While I was posting it to Facebook, beeming with pride, she peed on the carpet :foxes15: I had to immediately post the sign wiped clean, with yet another zero posted. So later, when we made it to 12, we posted a celebratory picture. I didn't even wait for an official two weeks. Here is a picture that i took of our "Rock The Potty" party :hello1: .

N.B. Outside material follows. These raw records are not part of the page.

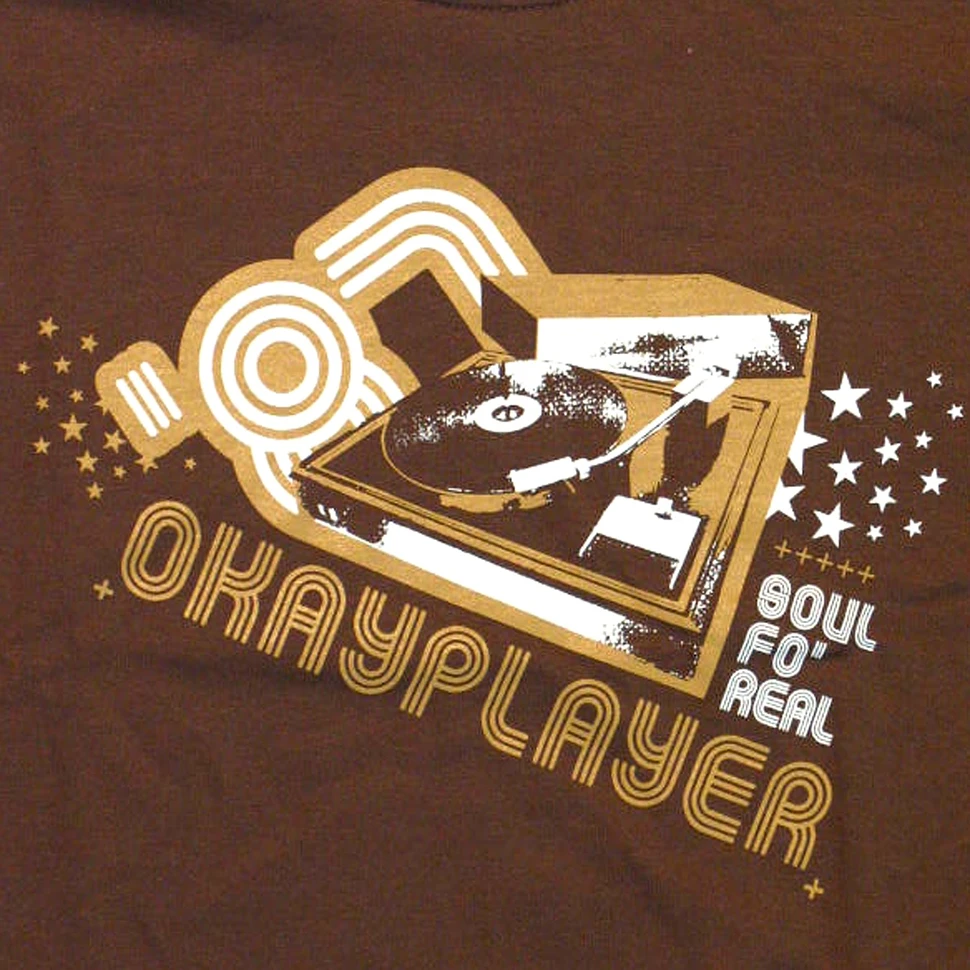 Okayplayer - Soul fo' real T-Shirt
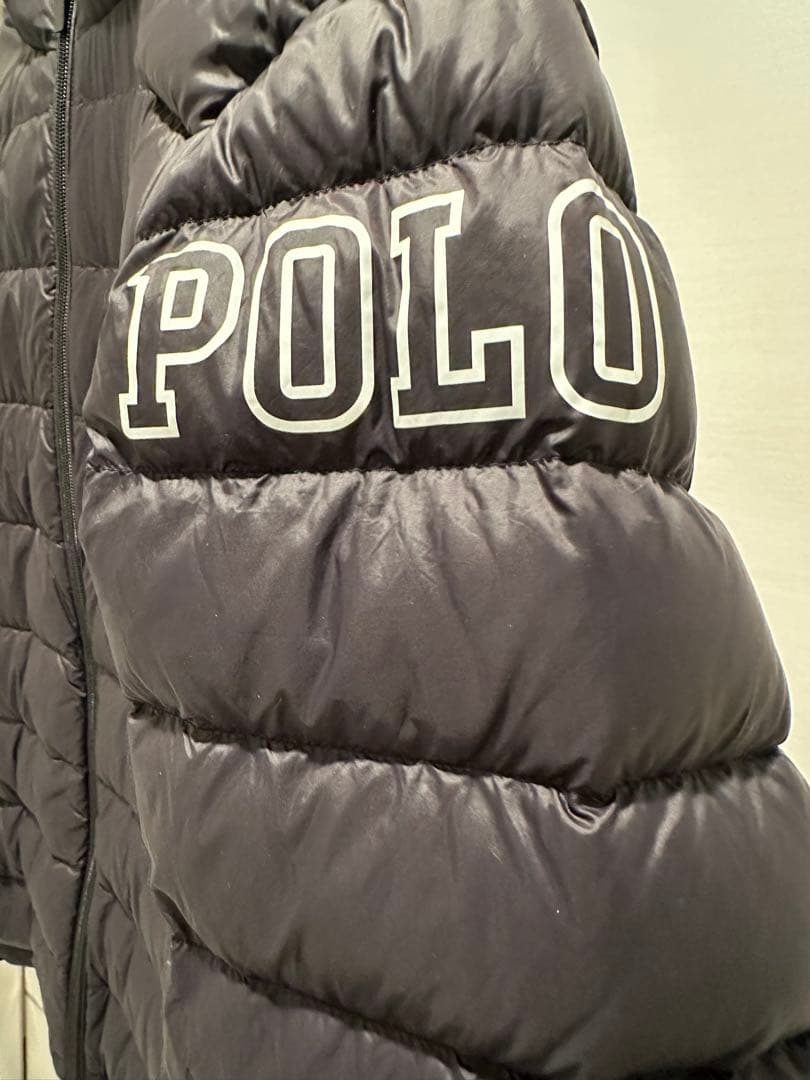 限定品ラルフローレンベアダウンブラック‼︎Lサイズ‼︎最終値引き‼︎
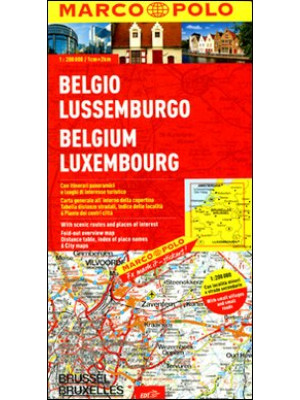 Belgio, Lussemburgo 1:200.0...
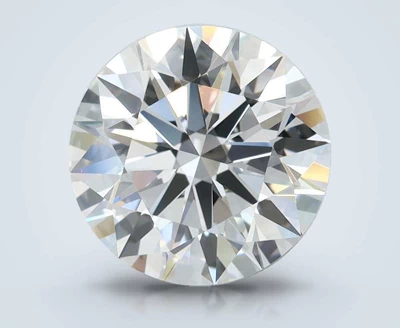 2.01ct D IF Rare Carat Ideal Cut Round Lab Grown Diamond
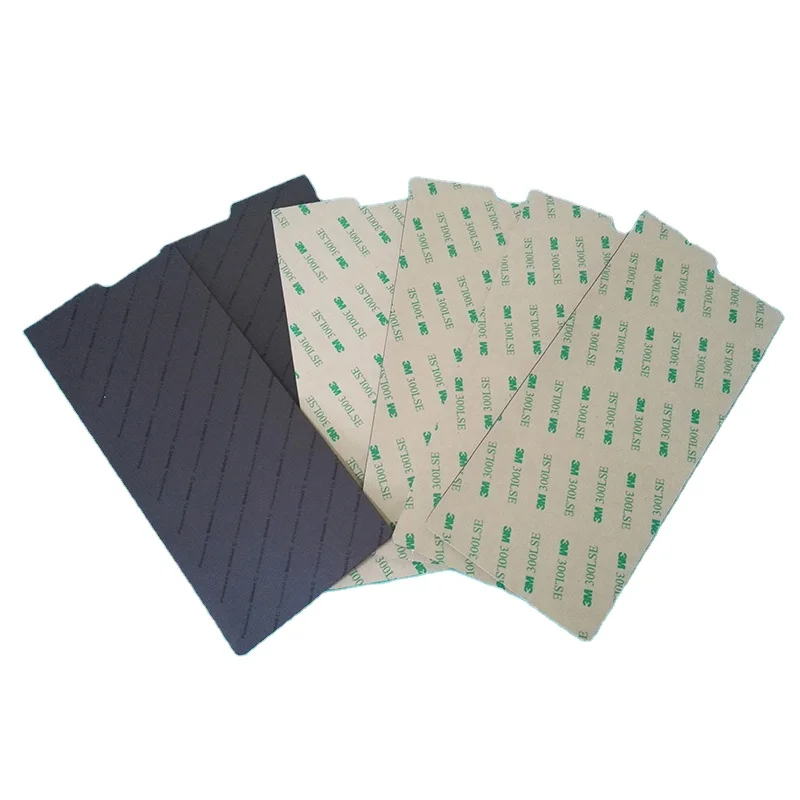 Ferrite Permanent magnet 0.3/0.4/0.5/0.75/1mm thickness Magnetic sheet Flexible rubber magnet plain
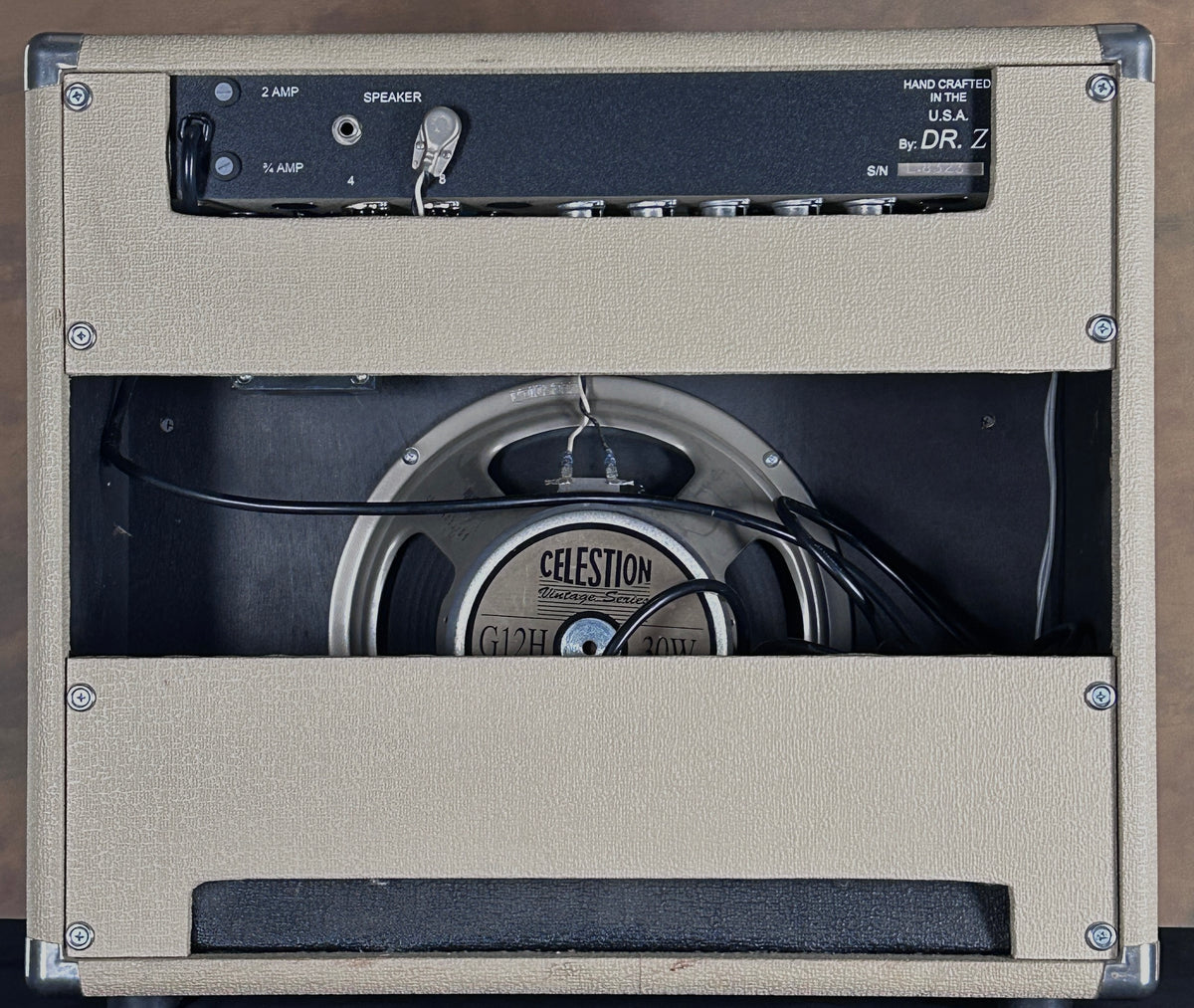 Dr. Z Maz 18 Jr. 1x12 Combo Blonde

finally, Gracie might be goofy looking, or she might have a smidge of another breed in her background-possibly rat terrier. Thanks for everyone here in the Chi forums for overlooking her murky, pound puppy heritage. She is definitely 100% dog and has a 100% chihuahua personality and we love her very much.


----------



## *Princess* (Feb 7, 2009)

Well done Gracie x


----------



## Mandy (Jan 16, 2009)

awwwww this made me smile good girl gracie well done xx


----------



## KayC (May 3, 2005)

That is adorable, love it...... WTG Gracie


----------



## rms3402 (Dec 2, 2010)

YAY! YOU GO GRACIE! Soon, you'll run out of room to write the amount of days that go by without an accident, promise!  And I don't think she's goofy looking! She's a cutie!


----------



## jesuschick (Dec 5, 2010)

Okay, that is hilarious! The hat is too much! Isn't it amazing the small victories (okay replacing a house full of carpet is no small thing!) we all now celebrate? Who would have thought!


----------



## Ava (Jul 6, 2011)

Thanks, everybody! Here is a link to my blog, if anyone is interested. It's from my Chiweenie's perspective. The point originally was to show how adopting a new dog is fun, but also not without problems along the way. People sometimes are too quick to give up on a new animal or behavioral situation. Blog Posts are on about a four week delay, so if you read some problems with Gracie, the new Chi, don't worry, so far everything has worked out in the end. *Maggie's Blog *I also put a link up for the Chihuahua-People.com on my website, too.


----------



## OurCheekyChihuahuas (Nov 18, 2009)

HAHAAH jeeeeez that is hilarious! Very smart! lol Great Photos

Well done Gracie!


----------



## Tanna (Jan 29, 2009)

Gracie is beautiful, just the way she is. Good job on the potty training.


----------



## Ava (Jul 6, 2011)

*Random Rant*

My parents just visited for two days. Here is a list of food that my mother brought to my home:


three bags of frozen corn
two loaves of cinnamon raisin bread
a decorated birthdaycake (in honor of her own birthday)
a plate of slices of assorted poundcake
a flat of frappichinos
half a pound of stilton cheese
two jars of marinated asparagus spears
jar of marinated artichoke hearts
case of heinican beer, which no one here drinks
part of a block of cheddar cheese
sliced swiss cheese
part of a package of uncooked bacon
three heads of romaine lettuce
bag of home grown tomatos

Every time they visit, I have to throw out part of my refridgerator contents, in order to accomodate the random things my mom brings. I've asked nicely for her to just bring herself, and not bags and bags of food.


----------



## Ava (Jul 6, 2011)

So thanks for reading my rant (above). I'd like to open my diary up for your secret rants. What's bugging you, that you can't air on Facebook or Twitter?


----------



## mellawson (Nov 8, 2011)

Ohhh how funny! all of it!...I realize this is an older thread but in the off chance your still around I just want to say thanks for the laugh!


----------



## Tanna (Jan 29, 2009)

Good girl gracie, we are all very proud of you.


----------



## Finn (Sep 14, 2010)

Love your sense of humor. In my house, it's 12 hours . . . or 12 minutes . . . ugh. That's why the Chi rescue squad only has two rooms, hard surfaces, and a cleaning station.


----------



## Ava (Jul 6, 2011)

Thanks Kathy, Finn and Melissa for checking out my thread. Hopefully this will be good for another laugh. 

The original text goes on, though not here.